◆ Data:
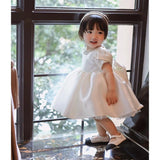 Babyhood Aurora Satin Princess Dress - Princess and the Pea Boutique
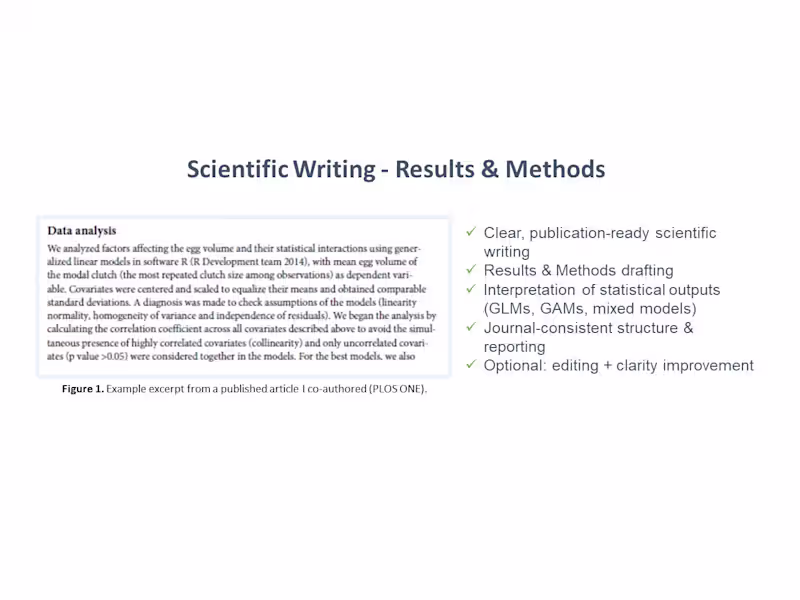 Cover image for Scientific Results Writing (Results Section Drafting)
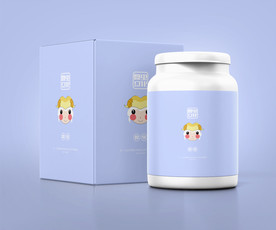 保健品瓶样机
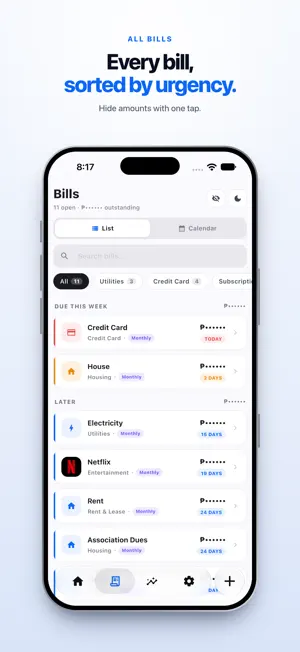 Bill Tracker - NextDue screenshot 3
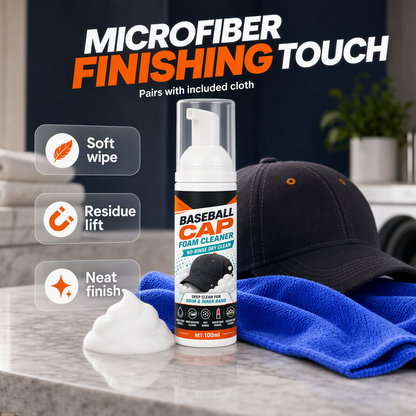 🎁Buy 2 Get 1 Free🔥No-Rinse Baseball Cap Foam Cleaner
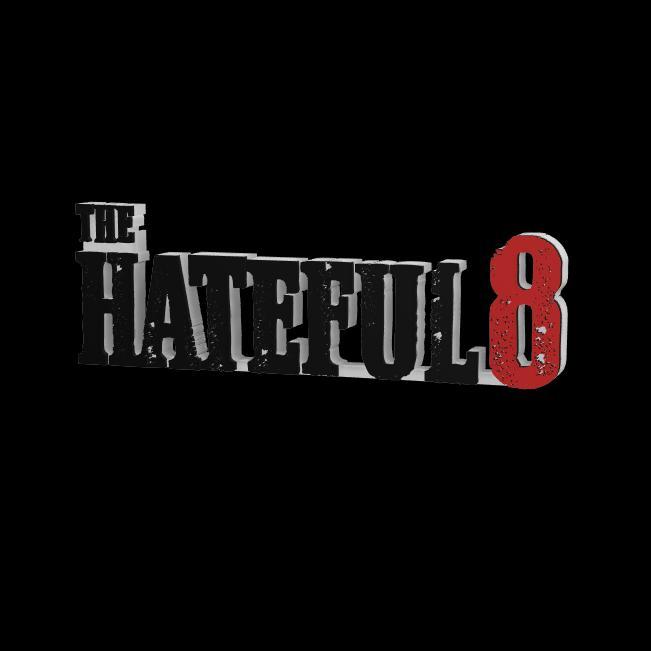 3D MULTICOLOR LOGO/SIGN - The Hateful Eight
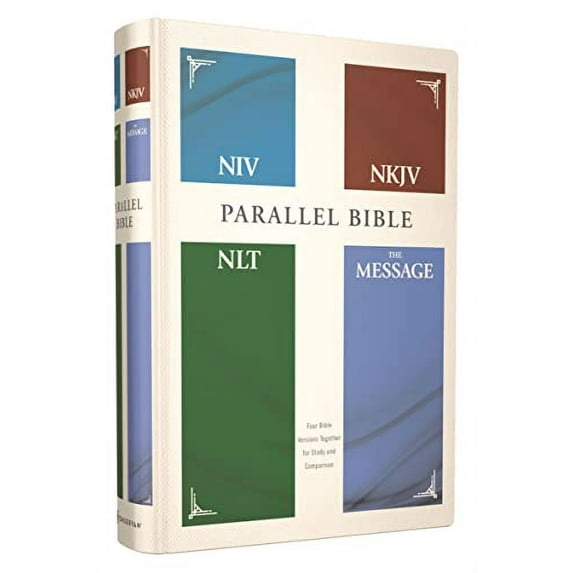Pre-Owned Niv, Nkjv, Nlt, the Message, (Contemporary Comparative) Parallel Bible, Hardcover (Hardcover) 0310462991 9780310462996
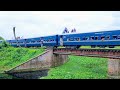 jamalpur commuter. rail bridge passing in joydebpur. railway train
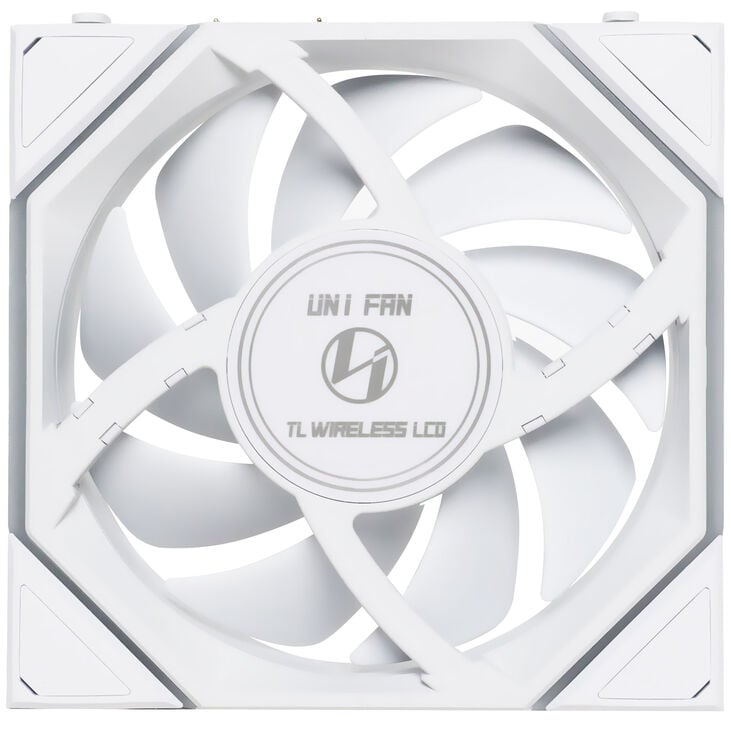 Lian Li UNI FAN TL Wireless LCD Fan, ARGB, PWM - Reverse Blade, 120 mm, White image number 4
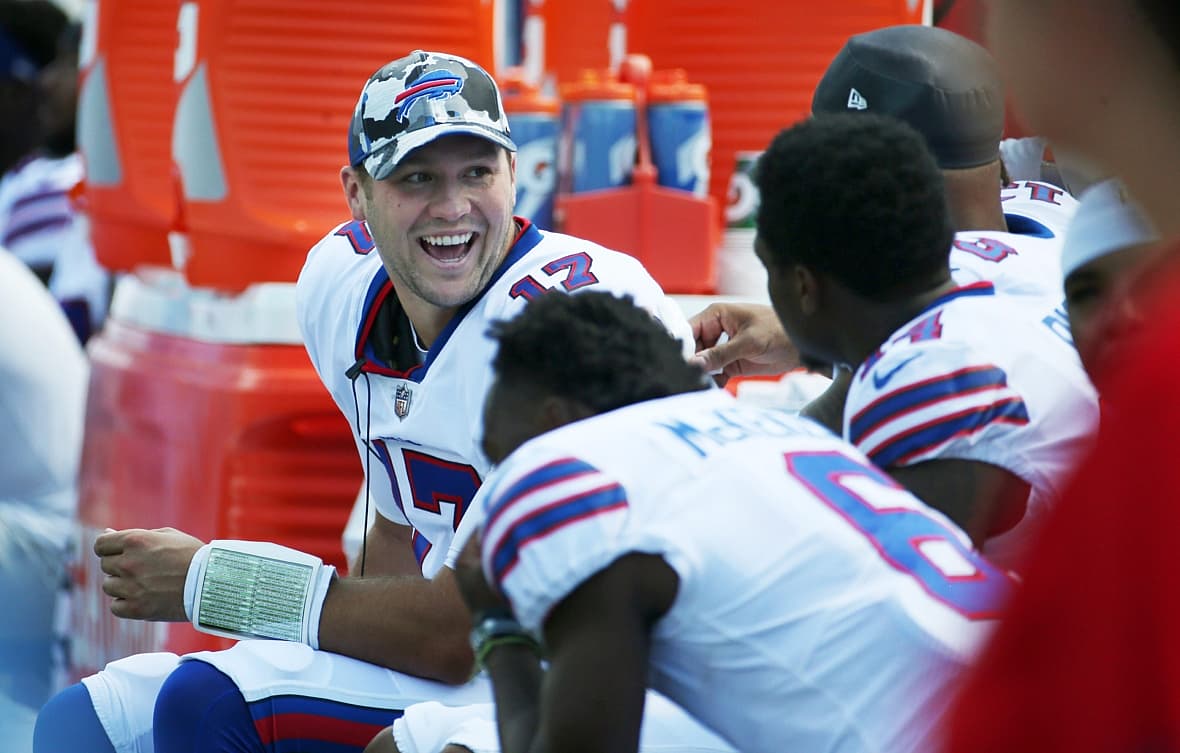 buffalo bills at los angeles rams: josh allen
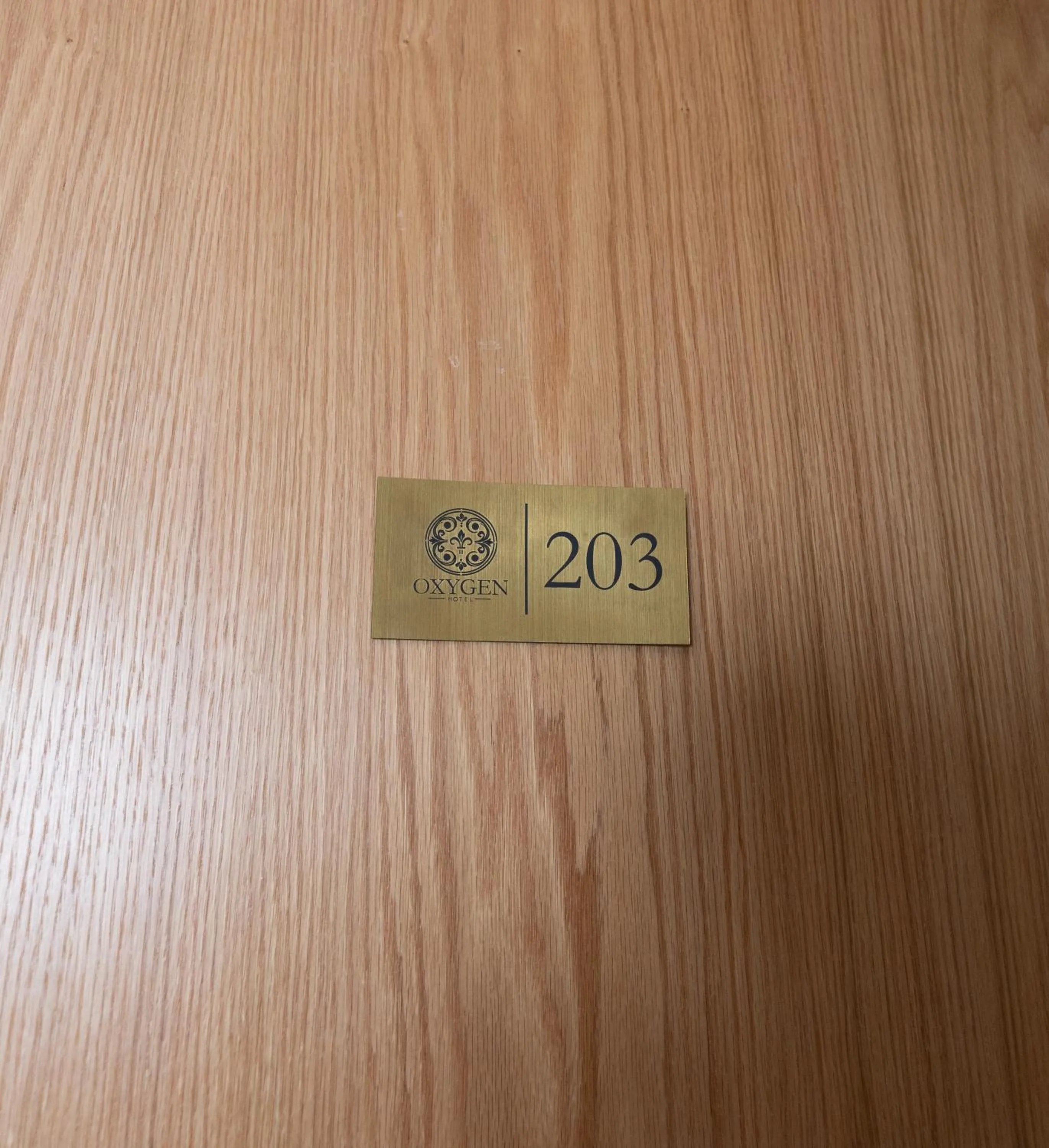 Logo/Certificate/Sign in Oxygen Boutique Hotel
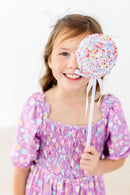 SALE Playful Posy Smocked Ruffle Dress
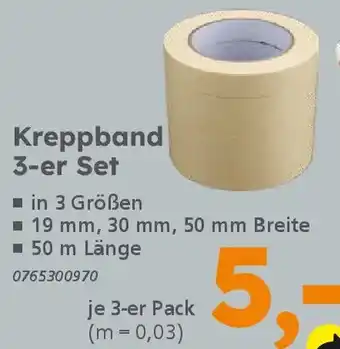Globus Baumarkt Kreppband 3-er Set Angebot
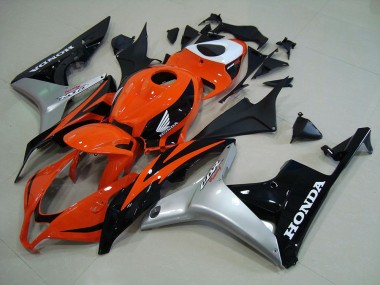 Orange Silber Schwarz 07-08 CBR600RR Motorrad Verkleidung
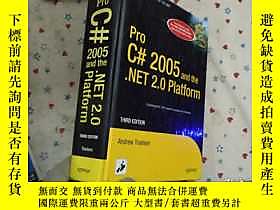 古文物Pro罕見C# 2005 and the.NET 2.0 Platform THIRD EDITION【精裝】露天 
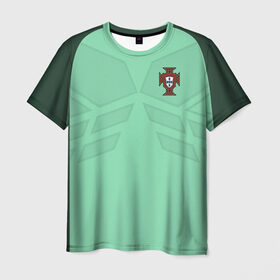 Мужская футболка 3D с принтом Portugal away в Кировске, 100% полиэфир | прямой крой, круглый вырез горловины, длина до линии бедер | confederation | cup | euro | world | европы | конфедераций | кубок | мира | португалия | чемпионат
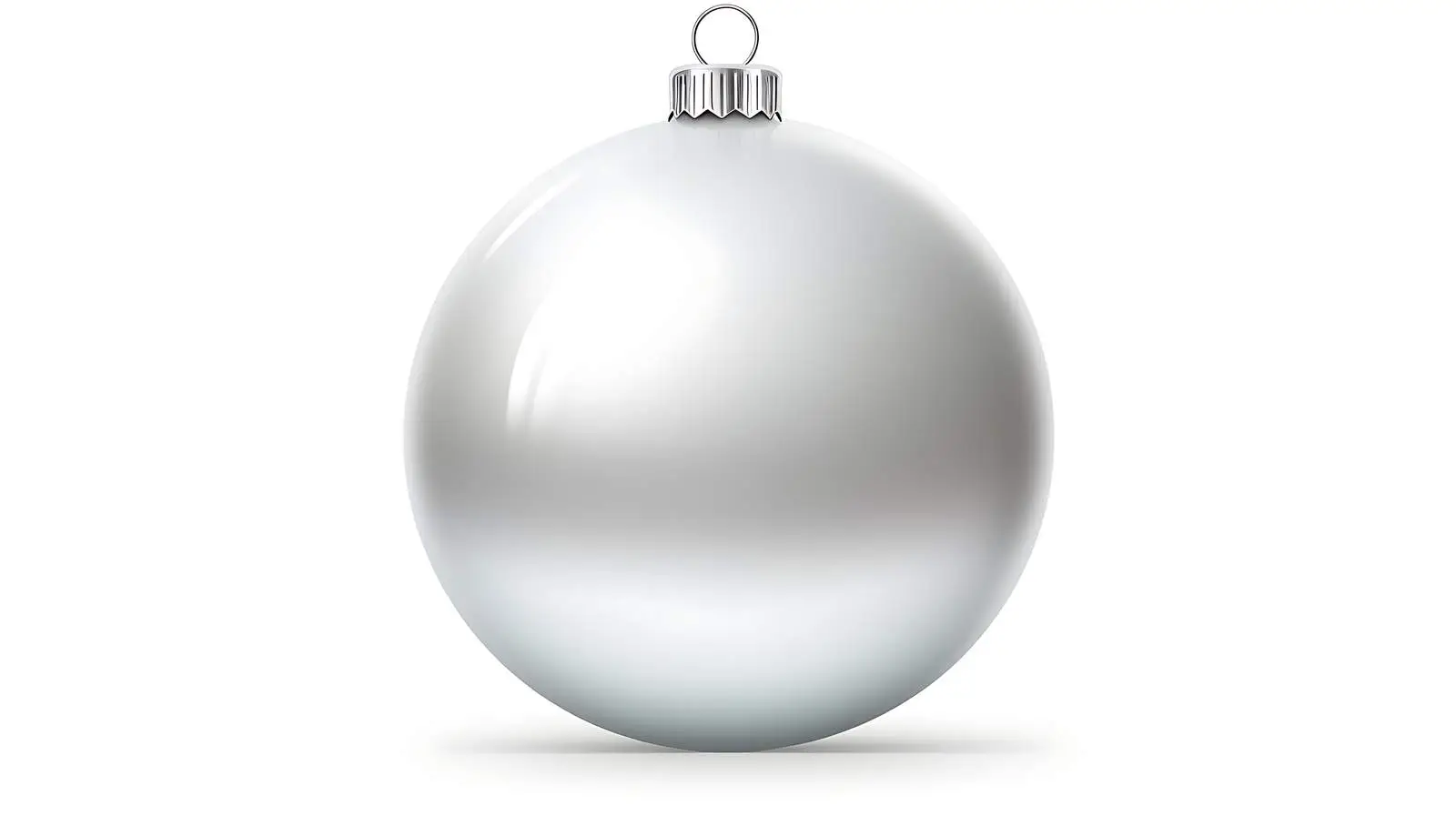 Silver Christmas Ball Cartoon Illustration — free download from Dotvec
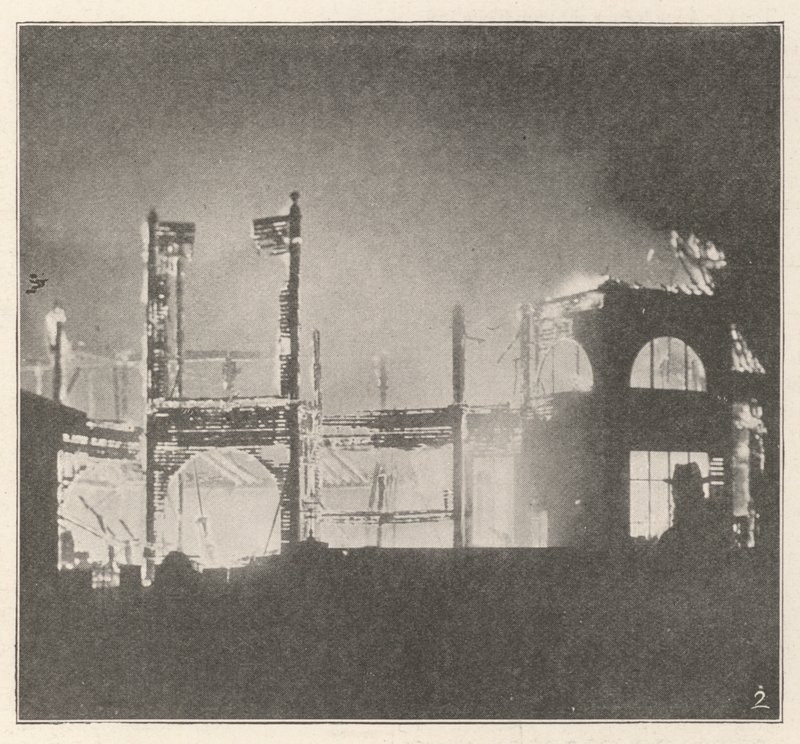 The Fire at Rhyl on 14 September, by Which the Grand Pavilion Was Destroyed by English Photographer
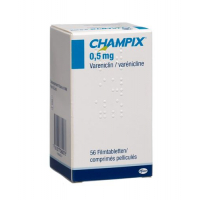 Чампикс 0,5 мг 56 таблеток покрытых оболочкой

◆ What to work on:
Repeat exactly the lines above, starting at the one that contains "SALE Playful Posy Smocked Ruffle Dress" and stopping at the last line of the entries, and leave out the pictures.

◆ Result for this task:
 SALE Playful Posy Smocked Ruffle Dress
Globus Baumarkt Kreppband 3-er Set Angebot
 Orange Silber Schwarz 07-08 CBR600RR Motorrad Verkleidung
 古文物Pro罕見C# 2005 and the.NET 2.0 Platform THIRD EDITION【精裝】露天 
 Мужская футболка 3D с принтом Portugal away в Кировске, 100% полиэфир | прямой крой, круглый вырез горловины, длина до линии бедер | confederation | cup | euro | world | европы | конфедераций | кубок | мира | португалия | чемпионат
 Silver Christmas Ball Cartoon Illustration — free download from Dotvec
 The Fire at Rhyl on 14 September, by Which the Grand Pavilion Was Destroyed by English Photographer
 Чампикс 0,5 мг 56 таблеток покрытых оболочкой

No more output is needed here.